The biggest problem when synchronizing are conflicts. This occurs when device A and B both change some data when they are offline. When they become online, we would like to get the updates from both A and B. Additionally, we have to avoid file conflicts, as we are using the file system. The latter problem is solved by giving every device its own subdirectory, which means that every file has a unique device that can modify it. The problem of processing all updates is solved by having additional requirements:
- We only support key-value pairs (entries).
- The order in which the entries are processed does not matter.
- Store as little information as possible in every entry.
With these requirements, there are no problems when A and B update different keys, as B can just process the update from A and vice versa.

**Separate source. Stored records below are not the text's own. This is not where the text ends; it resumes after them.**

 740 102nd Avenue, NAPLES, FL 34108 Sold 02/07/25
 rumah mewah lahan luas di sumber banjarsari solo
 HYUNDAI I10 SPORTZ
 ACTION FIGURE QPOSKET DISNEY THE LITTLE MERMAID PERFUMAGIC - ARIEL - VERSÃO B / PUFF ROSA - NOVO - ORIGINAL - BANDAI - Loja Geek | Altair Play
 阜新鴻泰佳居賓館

Requirement (2) guarantees that their states will be the same afterwards. However, there will still be a conflict when A and B update the same keys. This conflict is solved by having timestamps and choosing the most recent update. The information loss is minimized by (3). Moreover, there will be no file conflicts when this situation occurs.

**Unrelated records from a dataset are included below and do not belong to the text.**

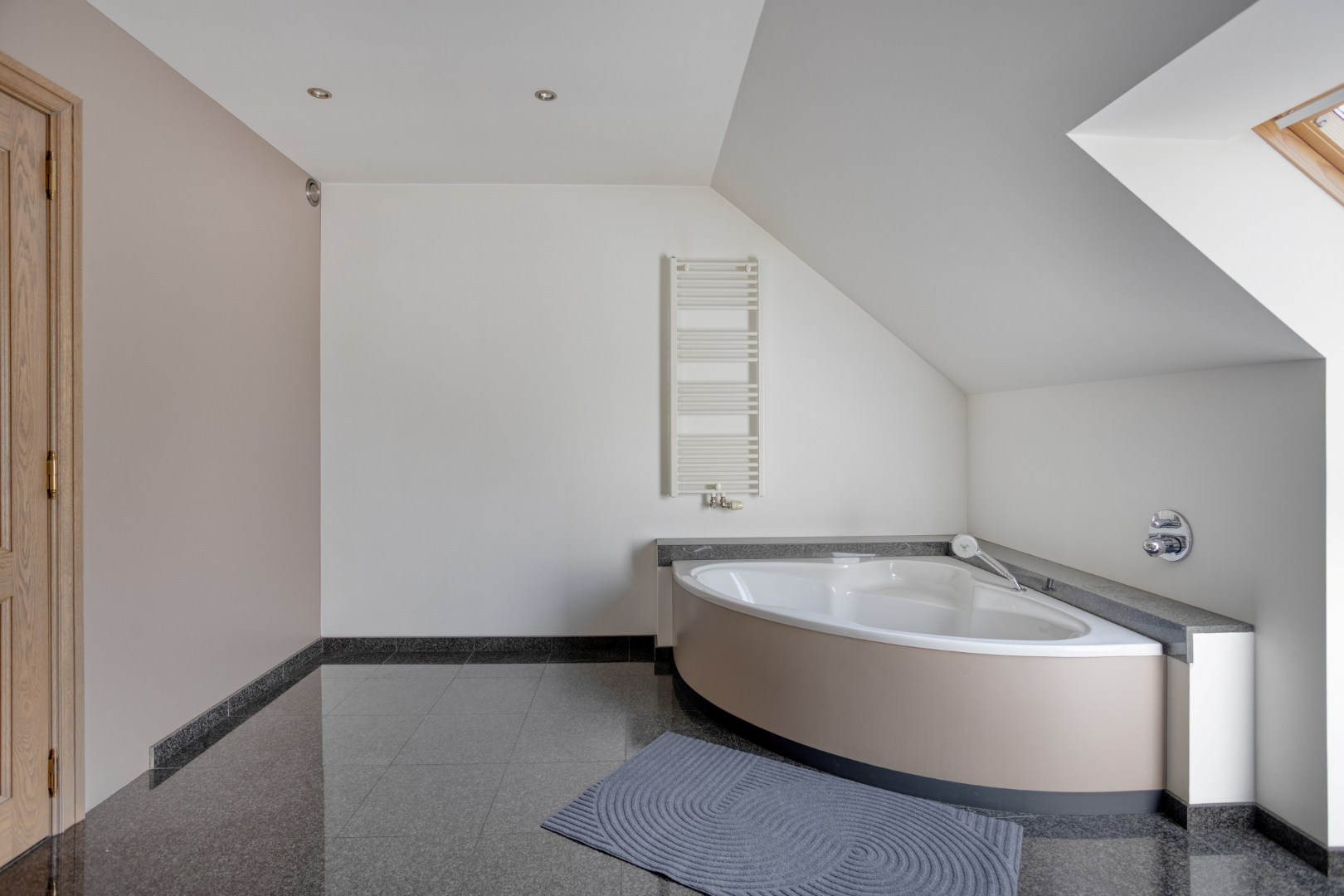 Badkamer met hoekbad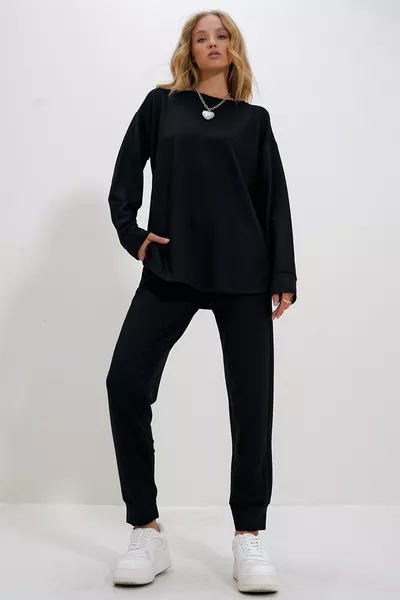 Kadın Siyah Bisiklet Yaka Yanları Yırtmaçlı Yumuşak Dokulu Modal Eşofman Takım 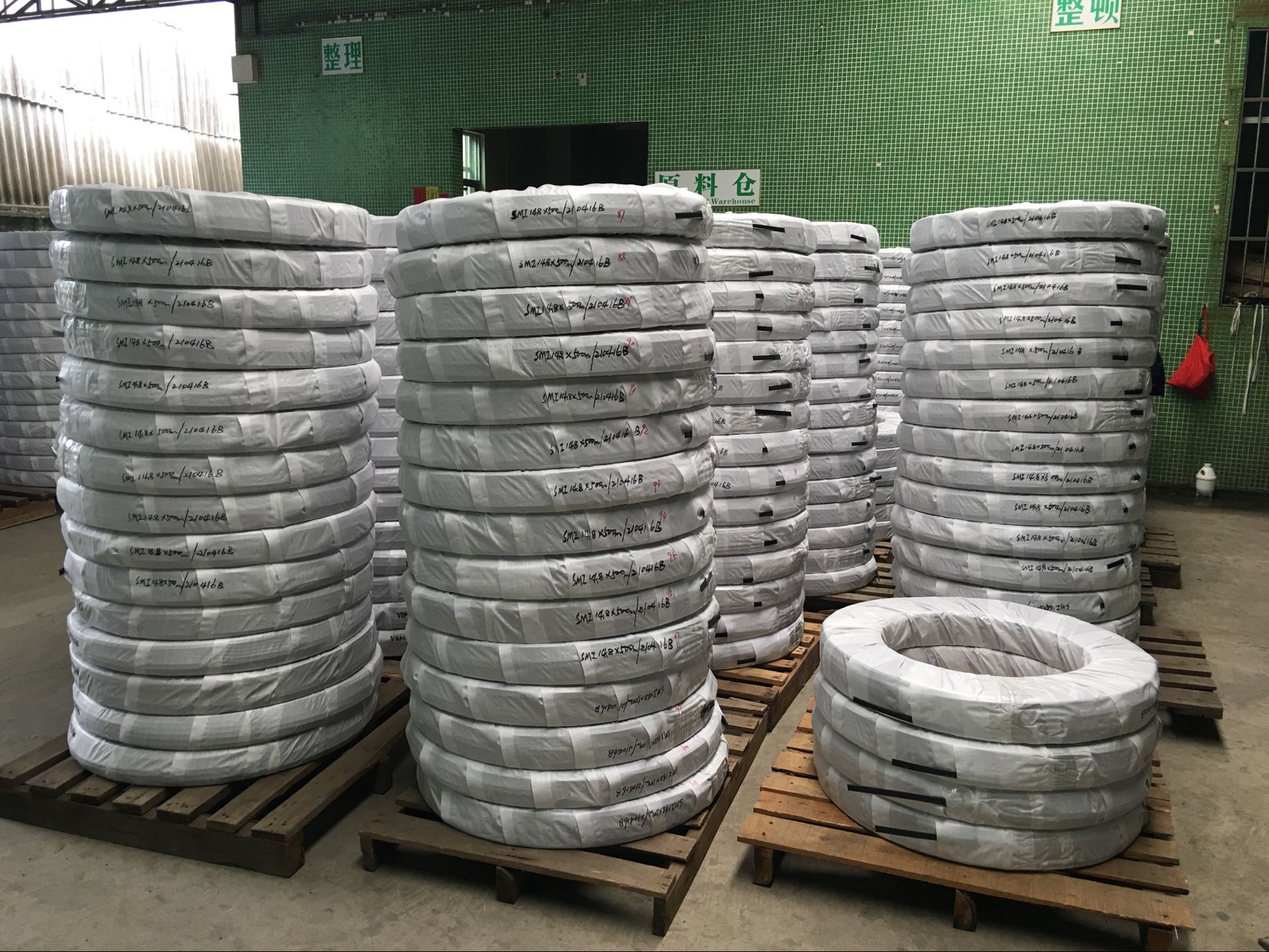 Polyamide strips for thermal barrier aluminum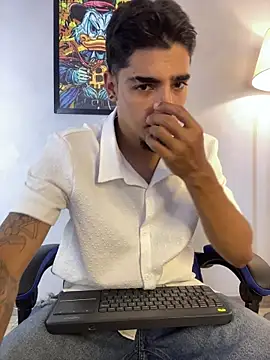 SimonNessman online show from March 23, 7:03 pm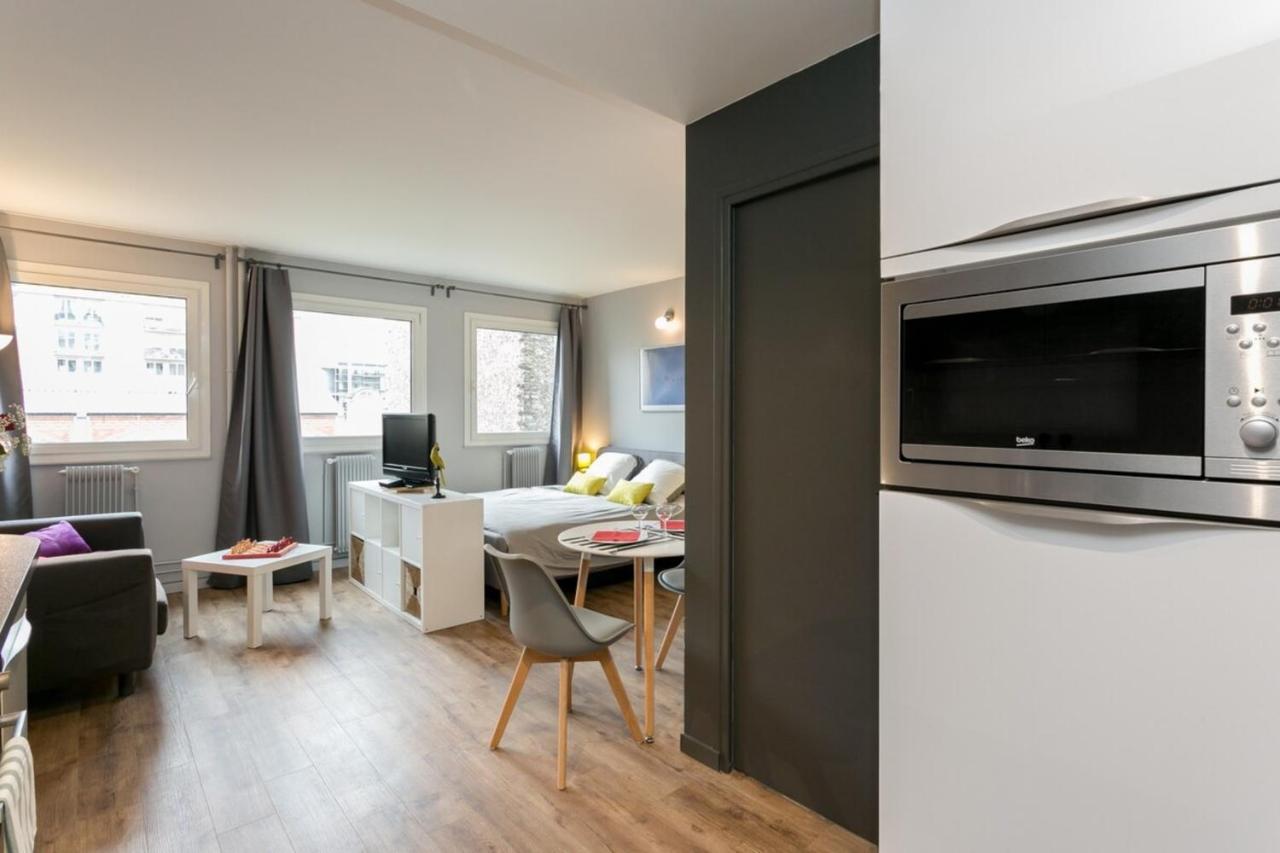Nicely Decorated Modern Studio Near The Eiffel Tower - - Welkeys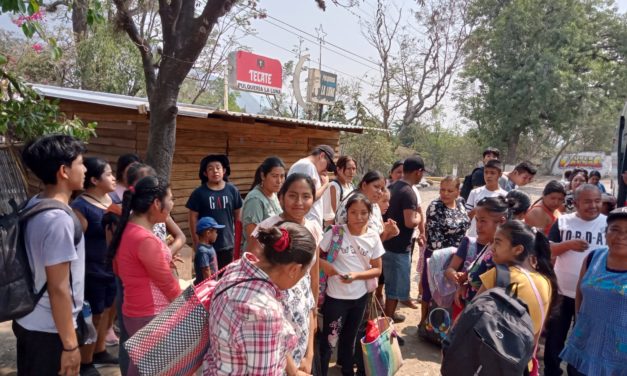 NIÑOS DEL MUNICIPIO DE ACULTZINGO CON DISCAPACIDAD VISITAN EL AQUARIUM DE VERACRUZ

The main challenge when synchronizing data using DecSync is expressing our data in such a way that the requirements are satisfied. The main tool for this will be replaying updates. We will illustrate this by using the categories of RSS as an example. In RSS, we have a list of subscribed URLs. Every subscription has a name and can be part of a category. Every category has a name as well and can also be part of another category. For example, we may have the following structure:
.
├── Cat1
│ ├── Bar: bar.example.com
│ └── Cat2
│ └── Baz: baz.example.com
└── Foo: foo.example.com
First, we look at the subscriptions.
They are the following: [Foo: foo.example.com, Bar: bar.example.com, Baz: baz.example.com]
.
We express them as key-value pairs by creating two different kinds of entries: one kind for whether we are subscribed, and another for the name of the subscription. This results in the following entries:
feeds/subscriptions/foo.example.com: true
feeds/subscriptions/bar.example.com: true
feeds/subscriptions/baz.example.com: true
feeds/names/foo.example.com: Foo
feeds/names/bar.example.com: Bar
feeds/names/baz.example.com: Baz
Although it is a simple mapping, it does not satisfy requirement (2) directly! It works fine when we process a subscription update first and process the name afterwards, but it does not work the other way around. When we get a name for a non-existing feed, we cannot perform the update, so the name of the feed is lost. In this case, we could store the name anyway, but that may not be straightforward and in other situations it is not possible.

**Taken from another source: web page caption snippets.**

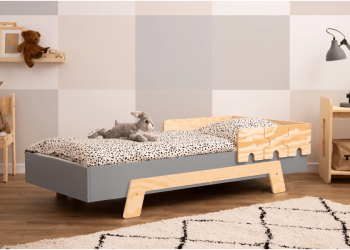 Łóżko dziecięce z barierką do pokoju w stylu Montessori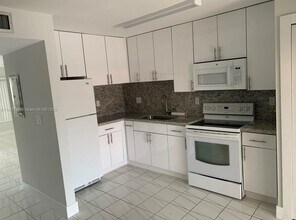 5420 W 26th Ave in Hialeah, FL - Building Photo - Building Photo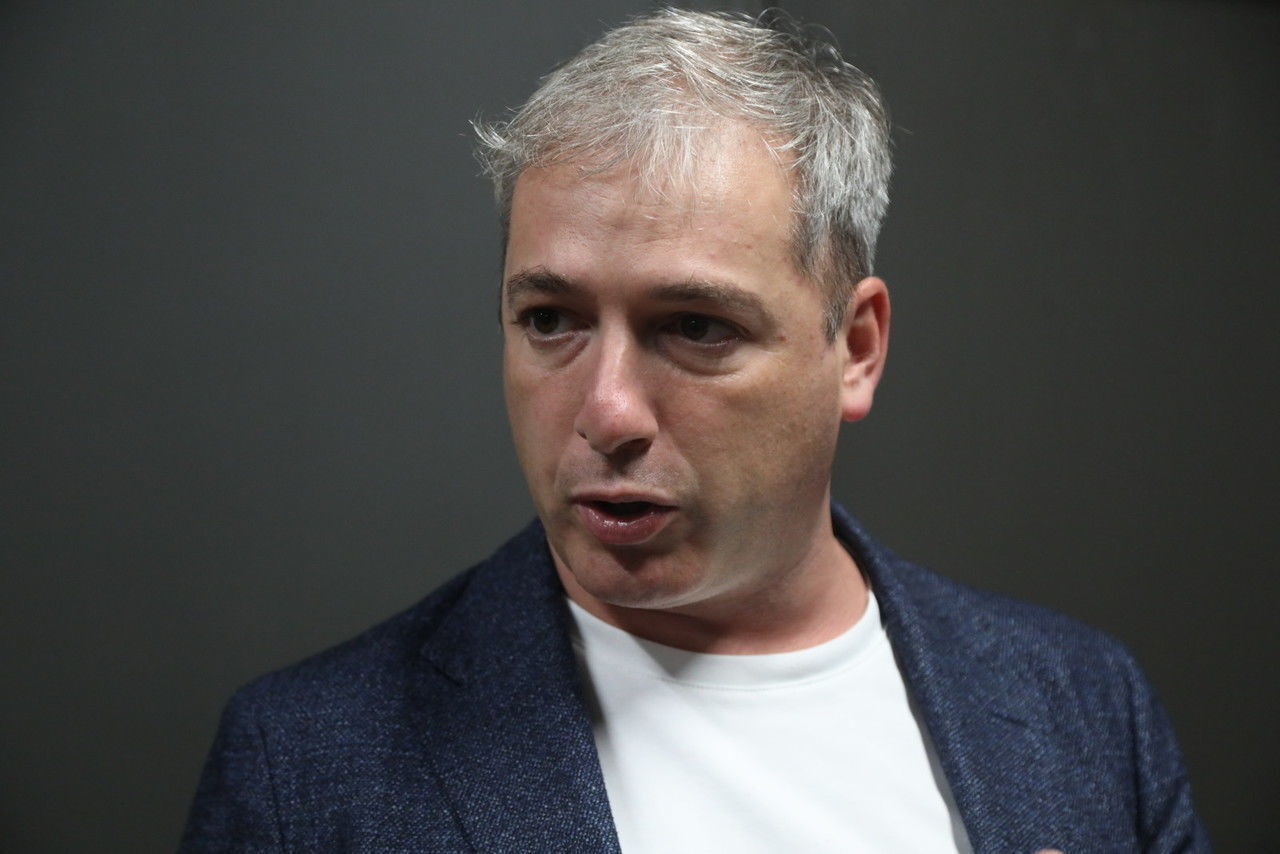 Следствие продолжается. Куда и почему сбежал обвиняемый в вымогательстве экс-глава «Ленфильма»?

What we do instead, is that we replay an update when necessary.
When we add the subscription foo.example.com
, we execute the entry feeds/names/foo.example.com: Foo
retroactively.
This way, it does not matter in which order the updates are executed, the name will be correct in all cases.
In general, when we cannot perform an update because some required data is missing, we perform it retroactively when the missing data is added.
Now we look at the categories.
This time we have three kind of entries: first one for the categories of the feeds, a second one for the names of the categories, and a third one for the parents of the categories. This leads to the following entries:
feeds/categories/foo.example.com: null
feeds/categories/bar.example.com: catID1
feeds/categories/baz.example.com: catID2
categories/names/catID1: Cat1
categories/names/catID2: Cat2
categories/parents/catID1: null
categories/parents/catID2: catID1
Note that we use identifiers for the categories. We cannot just use names, as that gives trouble for requirement (2). On the other hand, we were able to just use the URLs for the subscriptions, as those are already unique identifiers for them.
Like in the case of the subscriptions, we have to replay updates in order to satisfy (2). Unlike the previous case, we do not have an entry that creates or deletes a category. It is a valid strategy to have additional entries for that. However, it creates some additional complexity, as it is not clear what to do when a feed is added to a deleted category.
Instead, we create and delete categories on the fly. Whenever we reference a non-existing category, we create it, and when a category becomes empty, we delete it. Note that we only automatically delete a category when it becomes empty programmatically, not when the user makes it empty, as that would be confusing.
Regarding the replaying updates, we execute the entries categories/names/catID1
and categories/parents/catID1
retroactively when the category catID1
is created.
Additionally, we have to execute the entry feeds/categories/foo.example.com
when the subscription foo.example.com
is added, in addition to the entry we had to execute in the previous section.